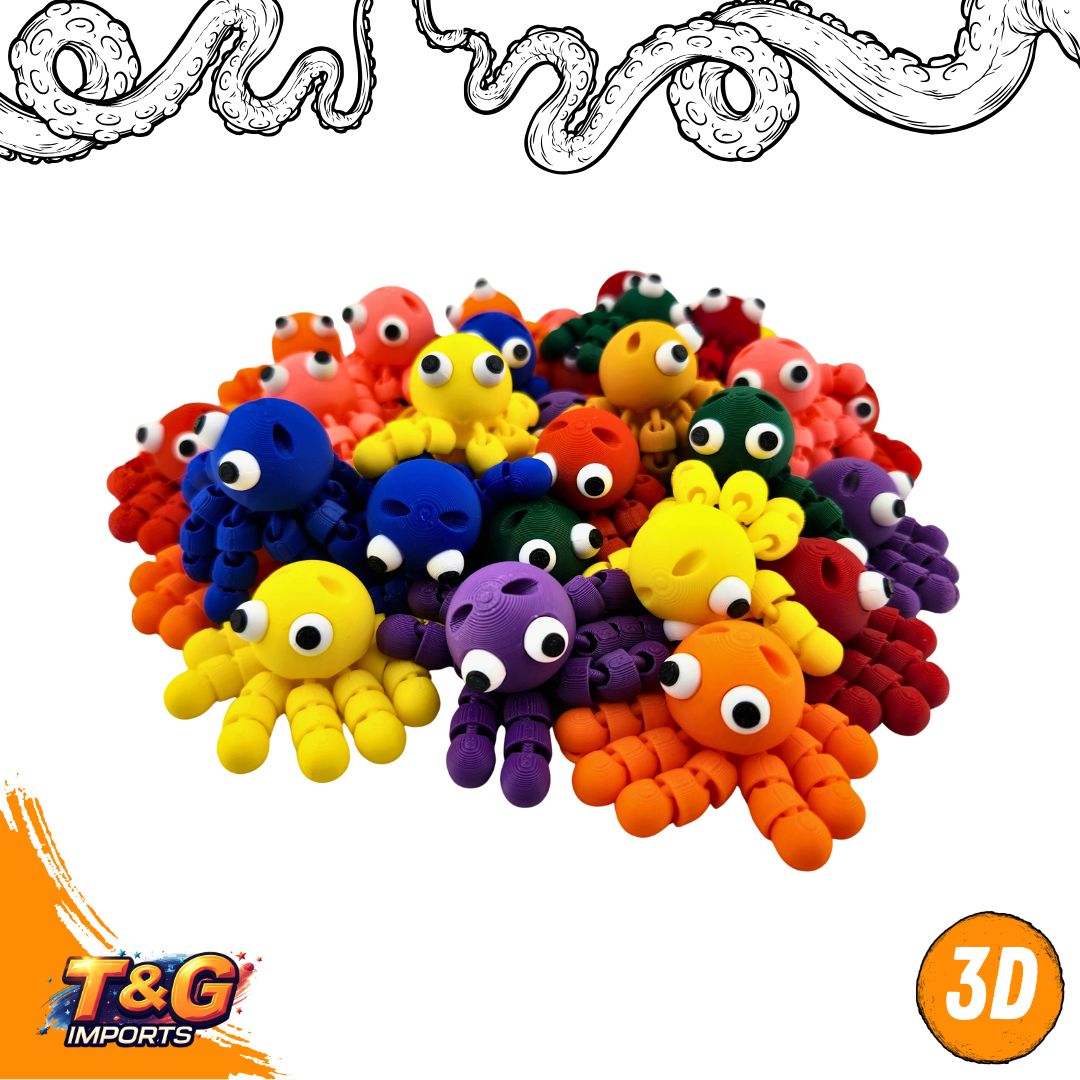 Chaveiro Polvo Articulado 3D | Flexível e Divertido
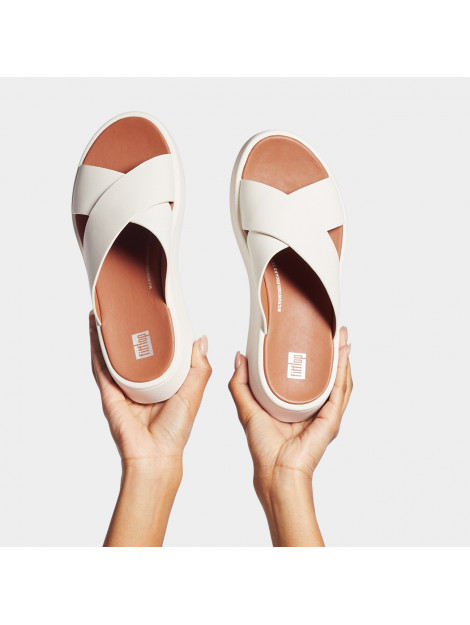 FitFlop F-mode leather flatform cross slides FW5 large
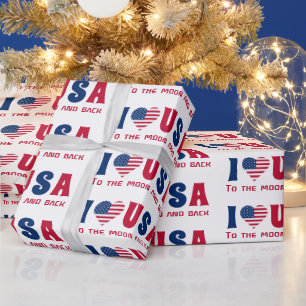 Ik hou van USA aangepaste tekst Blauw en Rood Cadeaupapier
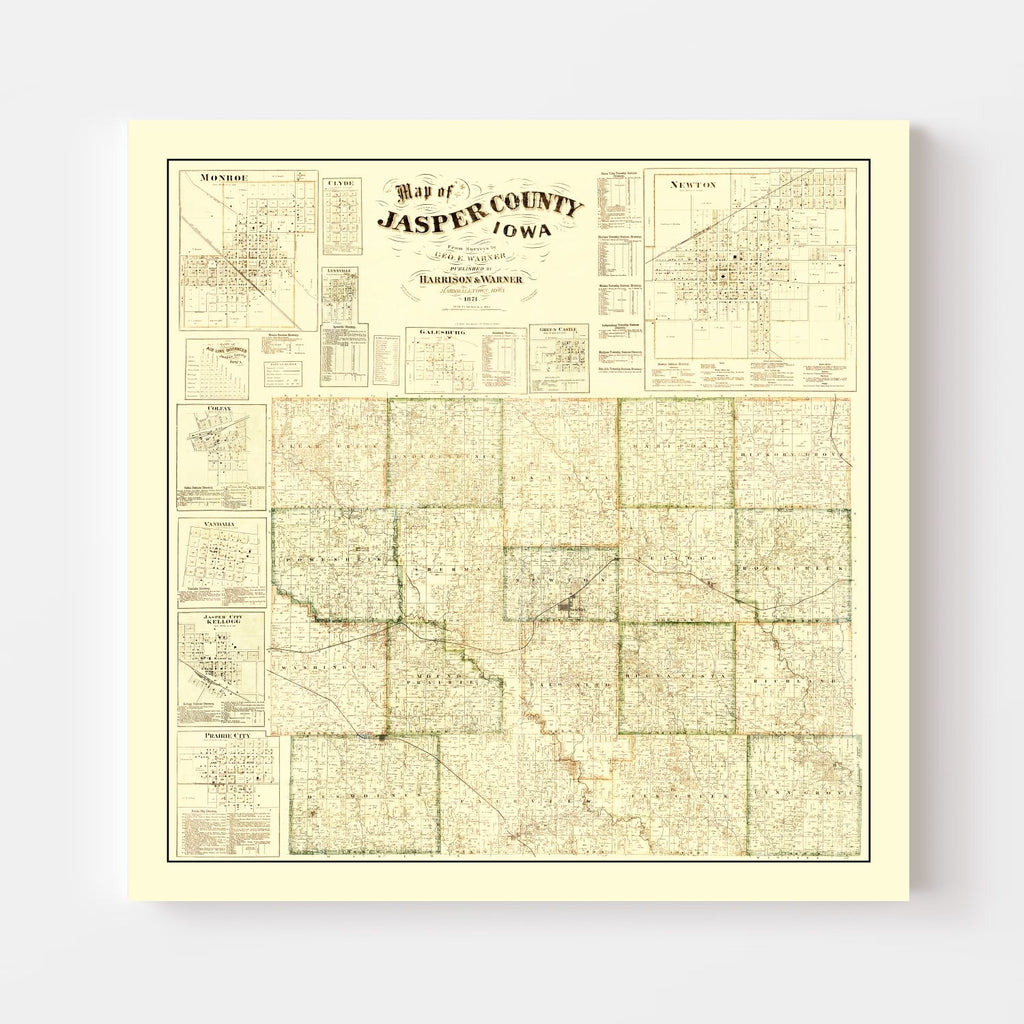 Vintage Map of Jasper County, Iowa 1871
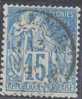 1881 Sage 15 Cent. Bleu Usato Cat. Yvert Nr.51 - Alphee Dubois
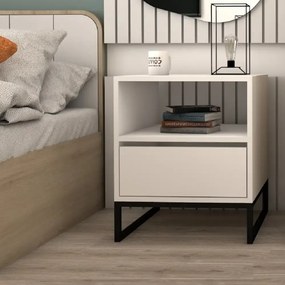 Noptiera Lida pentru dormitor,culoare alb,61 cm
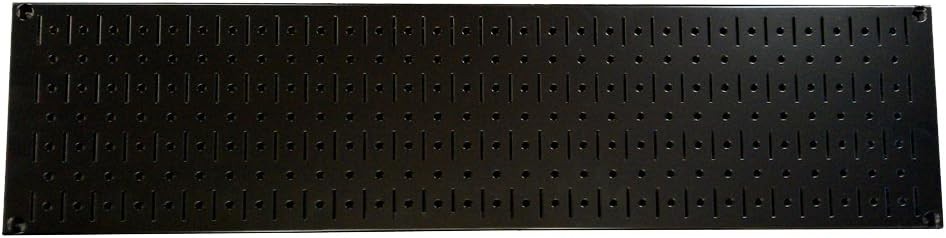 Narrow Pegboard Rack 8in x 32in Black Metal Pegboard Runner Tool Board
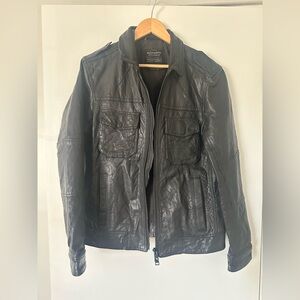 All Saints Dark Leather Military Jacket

= = =

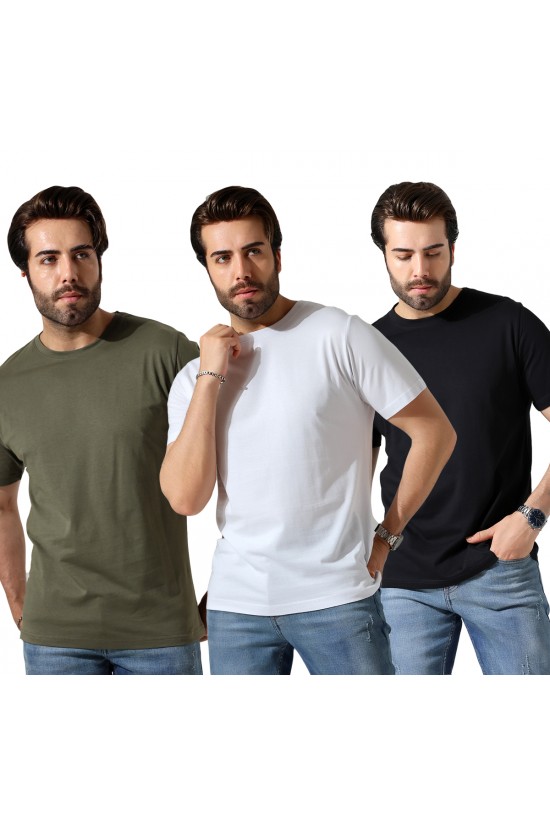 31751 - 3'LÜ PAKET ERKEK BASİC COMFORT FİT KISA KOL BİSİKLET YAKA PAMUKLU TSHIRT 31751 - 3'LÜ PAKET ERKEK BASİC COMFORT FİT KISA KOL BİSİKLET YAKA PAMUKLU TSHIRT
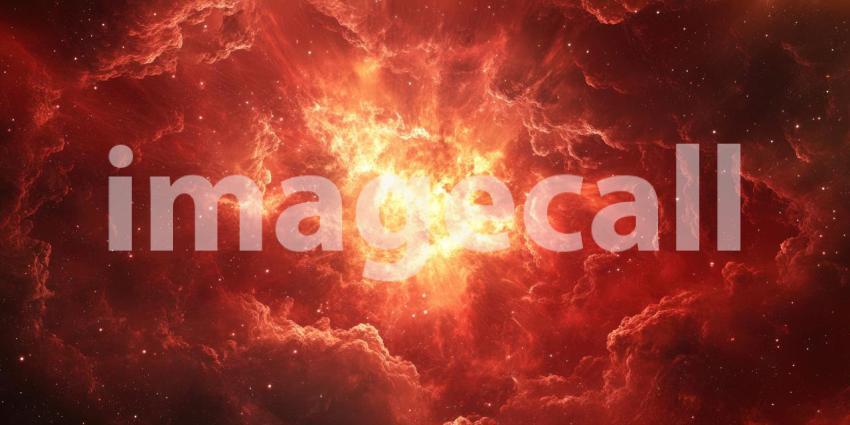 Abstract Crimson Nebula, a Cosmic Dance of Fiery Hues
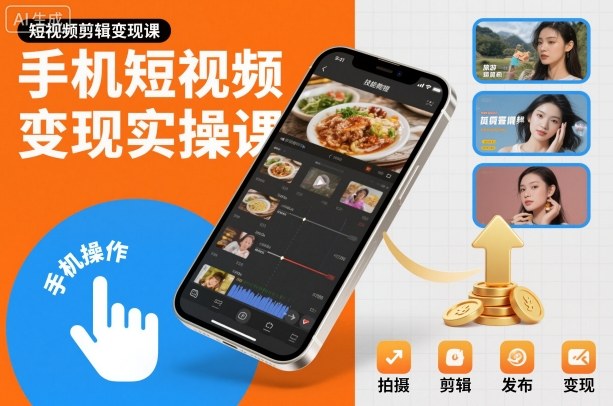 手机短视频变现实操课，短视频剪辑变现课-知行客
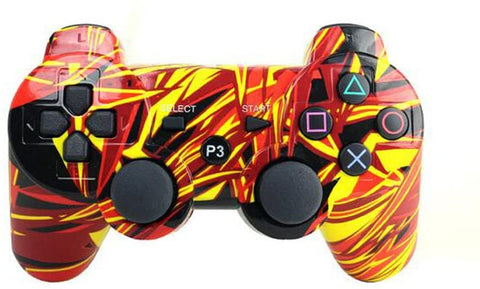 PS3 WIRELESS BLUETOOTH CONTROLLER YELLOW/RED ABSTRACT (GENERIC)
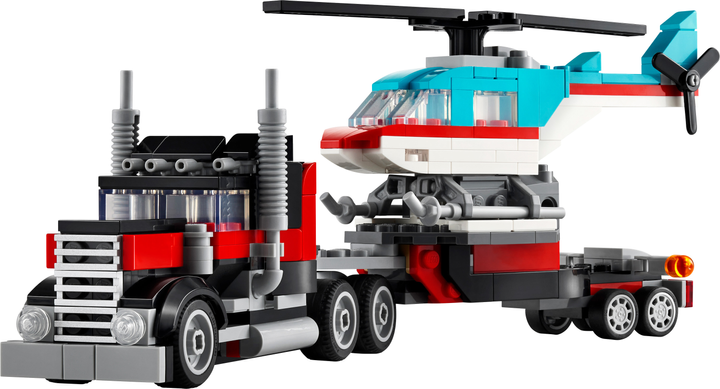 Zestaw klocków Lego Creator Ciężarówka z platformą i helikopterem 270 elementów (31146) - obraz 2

= = =

## EXERCISE DIRECTIONS
Copy only what lies between the line with "Chaveiro Polvo Articulado" and the line with "All Saints Dark Leather Military Jacket", those two lines included, exactly as given above; pictures stay out.

## ANSWER TO THE EXERCISE
 Chaveiro Polvo Articulado 3D | Flexível e Divertido
 FitFlop F-mode leather flatform cross slides FW5 large
 Ik hou van USA aangepaste tekst Blauw en Rood Cadeaupapier
 Vintage Map of Jasper County, Iowa 1871
 1881 Sage 15 Cent. Bleu Usato Cat. Yvert Nr.51 - Alphee Dubois
 Noptiera Lida pentru dormitor,culoare alb,61 cm
 Narrow Pegboard Rack 8in x 32in Black Metal Pegboard Runner Tool Board
 All Saints Dark Leather Military Jacket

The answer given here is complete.